Activity —
Type out the listing below exactly. Pictures stay out of it.

(Given material Opens)

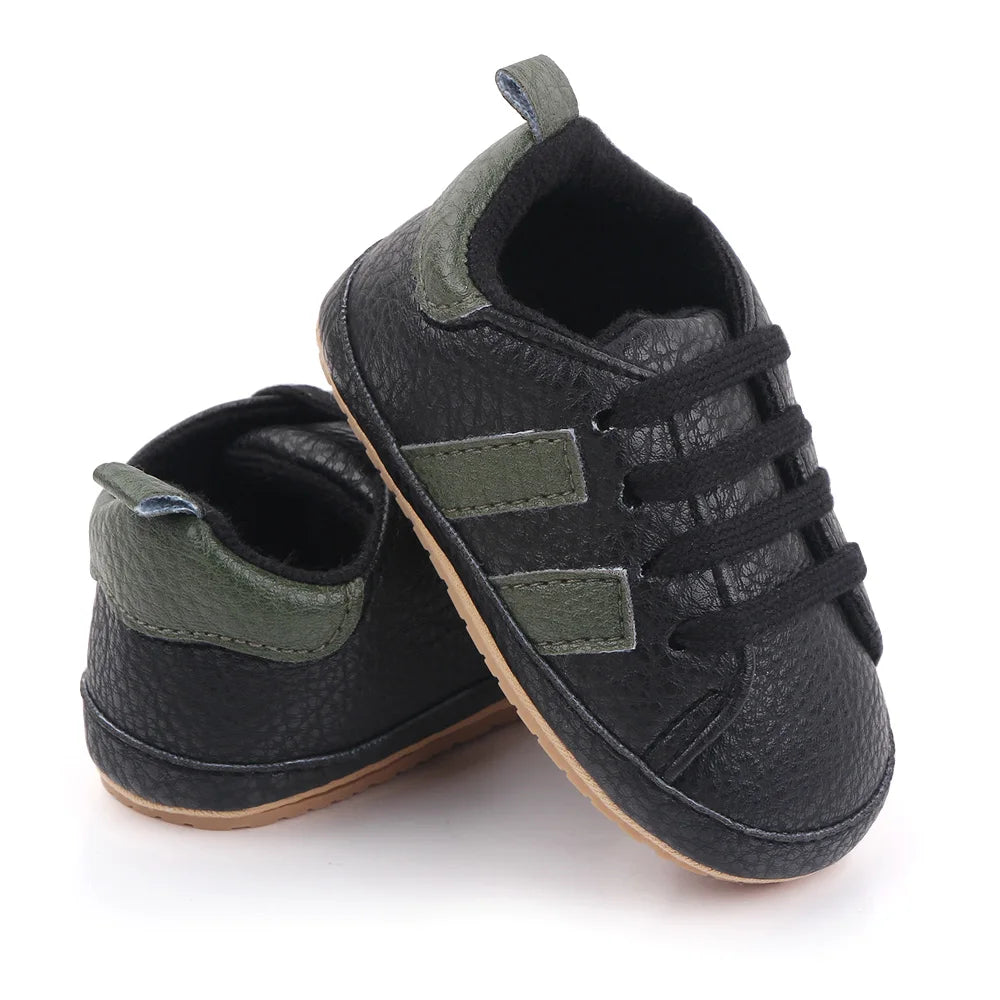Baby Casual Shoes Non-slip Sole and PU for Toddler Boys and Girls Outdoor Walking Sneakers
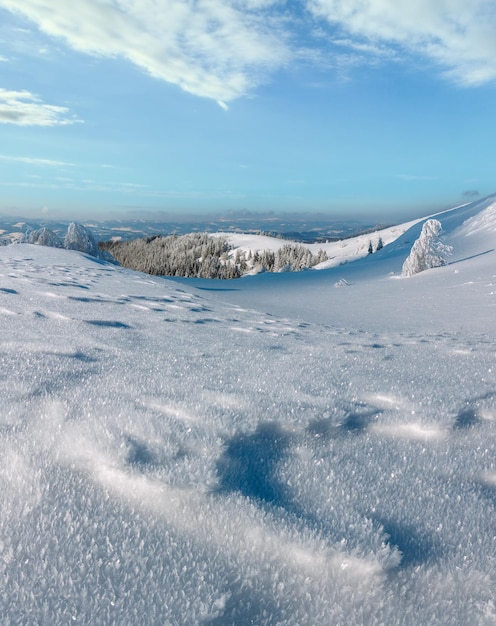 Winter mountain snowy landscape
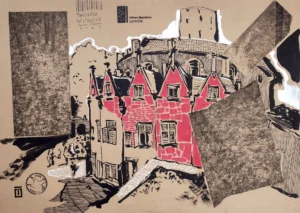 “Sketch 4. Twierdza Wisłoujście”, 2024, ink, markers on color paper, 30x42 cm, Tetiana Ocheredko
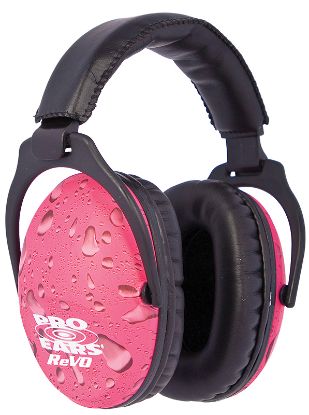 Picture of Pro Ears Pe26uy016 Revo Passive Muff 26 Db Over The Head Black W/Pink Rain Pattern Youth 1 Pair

(Given material Closes)

Solution for this problem —
Baby Casual Shoes Non-slip Sole and PU for Toddler Boys and Girls Outdoor Walking Sneakers
 Winter mountain snowy landscape
 “Sketch 4. Twierdza Wisłoujście”, 2024, ink, markers on color paper, 30x42 cm, Tetiana Ocheredko
 Picture of Pro Ears Pe26uy016 Revo Passive Muff 26 Db Over The Head Black W/Pink Rain Pattern Youth 1 Pair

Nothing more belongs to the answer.